“Big picture, we see this as another step in the re-rating of oil and gas, and the journey from Big Oil to Big Energy.” – Wood Mckenzie
International consulting giant Wood Mckenzie issued a press release (copied below) Monday about BP’s write-down of as much as $17.5 billion of its assets, part of the UK-based company’s gradual exit from oil and gas. Energy. Jeremy McCrae says the trend started in Europe and is now picking up steam in North America. Are Canada’s big oil companies also transitioning from Big Oil to Big Energy?
BP press release
Speaking after BP announced it will write down as much as $17.5 billion on the value of its assets when it reports its second-quarter results, Luke Parker, vice president, corporate analysis, at Wood Mackenzie, said: “The impairment shouldn’t come as a big surprise. The risks were clearly flagged in BP’s 2019 annual report.
“While these are non-cash charges, with no bearing on cash flows, the implications – near-term and long-term – are very real.

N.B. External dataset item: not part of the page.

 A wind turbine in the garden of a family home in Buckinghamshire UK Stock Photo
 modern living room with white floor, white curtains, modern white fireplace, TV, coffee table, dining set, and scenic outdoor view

“In the near-term, the impact of a US$17.5 billion write-down on shareholders equity would push BP’s gearing ratio to 45% (including lease liabilities, 41% excluding). A US$13 billion write-down would push these figures to 44% and 40% respectively. This is uncomfortably high.
“Greater urgency to pay down debt will put further pressure on the dividend. Of course, under BP’s latest price assumptions, cash generation will be less than previously anticipated.
“In the longer term, this is about BP’s strategic shift away from oil and gas. While that will be a multi-decade affair, BP is already getting to grips with the idea that its upstream assets are worth less than it believed as recently as six months ago. Indeed, some of them are worth nothing.
“Big picture, we see this as another step in the re-rating of oil and gas, and the journey from Big Oil to Big Energy. BP is working through the detail of the ‘reimagine’ strategy that it unveiled in February. That will be presented in September, and will provide a much clearer picture of BP’s plans for capital allocation and cashflow generation as it makes the transition to net-zero.”